One of the more egregious examples of the current blockchain cures the world’s problems disease can be found in the attempts to use it as the basis of a “secure,” smartphone-based voting system. If the proponents of this option were only approaching this in an open and honest manner, it might at least be an interesting academic exercise worth exploring (before we regain our senses and revert to the only auditable voting tech possible, paper ballots.) Instead, in addition to that aforementioned bastion of democratic process, Moscow, leading the charge, a venture-funded startup in the US, Voatz, is trying to disrupt its way into the voting tech world. In addition to its habit of obfuscation and opacity regarding its blockchain technology and methods, the company is backed by Bradley Tusk, who has rebranded himself as a philanthropist concerned with democracy, but who was actually the main henchman in charge of Uber’s business model of riding roughshod over local regulations in the service of making Uber investors such as Tusk rich while impoverishing its drivers. Anyone wonder whether he’s doing this out of the good of his heart?
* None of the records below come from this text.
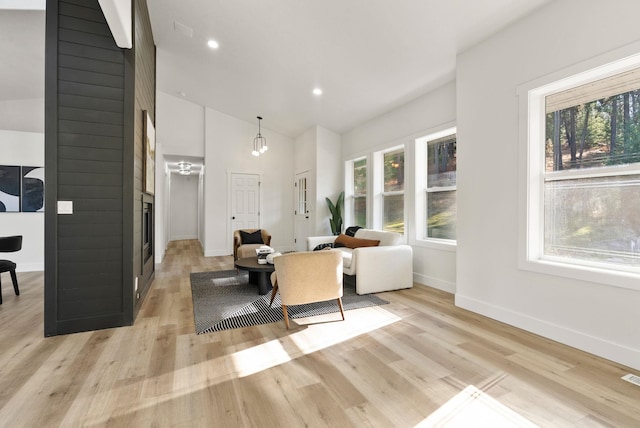 living room featuring high vaulted ceiling and light hardwood / wood-style floors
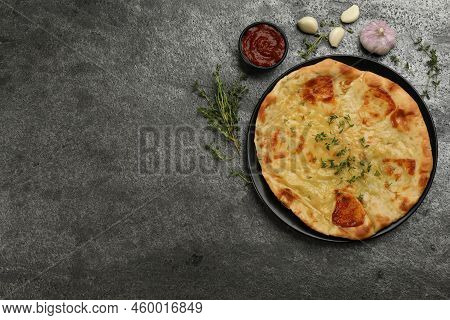 Delicious Khachapuri With Cheese, Thyme, Garlic And Sauce On Grey Table, Flat Lay. Space For Text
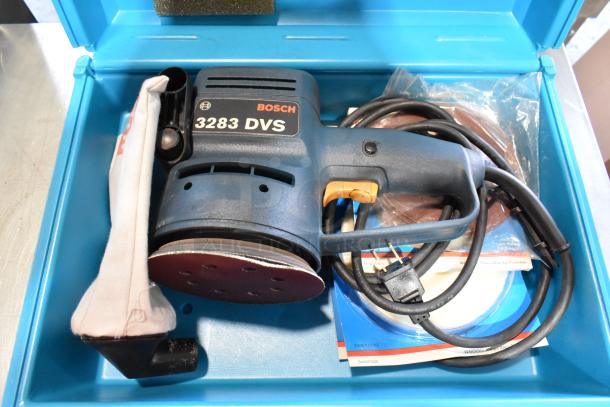 Bosch 3283 DVS Electric Sander in a blue hard case, featuring power cable, with accessories; lightly used condition.
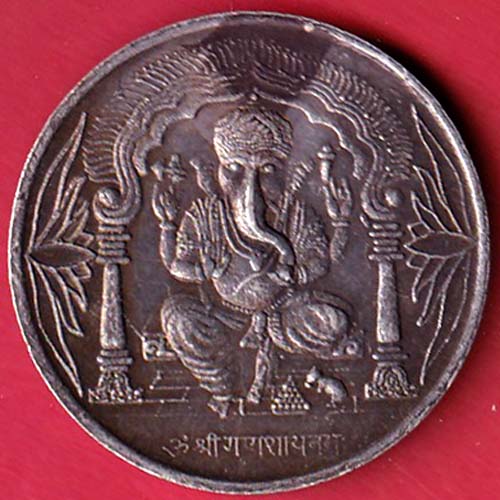 silver token: Weight – 9.91 gm shree Ganesh and 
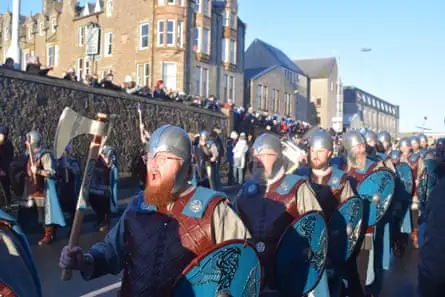 Men marching in daytime in Viking costumes and helmets, carrying axes and shields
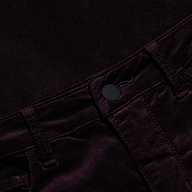 Close-up of the Marty Velvet Pant in a dark purple or black shade, highlighting the high rise waistband, belt loops, button closure, and detailed stitching.
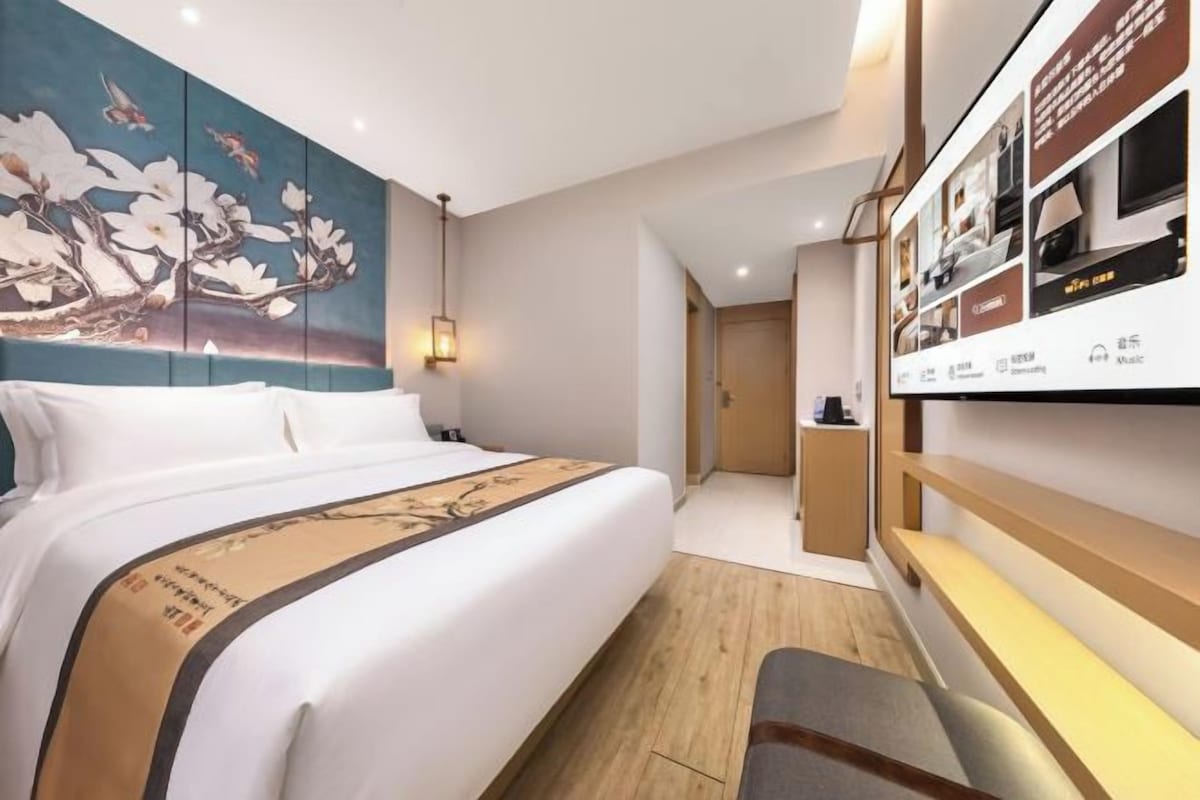 A hotel room with a large bed, a wall-mounted TV, and a wooden desk.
It’s hard not to worry that the same “damn the regulations, full steam ahead” method will bring blockchain into the already vulnerable world of voting – just in time to usher in another electoral cycle marred by illegal interference and suppressed votes. That’s going to hurt a lot more than the prospect of millions of corporate R&D and marketing dollars flushed down the tech hype toilet.
What helps me sleep at night is the assurance that soon enough greed will win the day, and we’ll be reading about the hack of the millennium and hear the sob stories of how the blockchain bros have lost their billions. So, pop the popcorn, pull up an armchair, and let the Great Blockchain Hacker Sweepstakes begin.
Josh,
I love this. For those of us who are saying that it can be hacked and can be compromised, this was a great read. The pundits ignore the compromises that have already happened.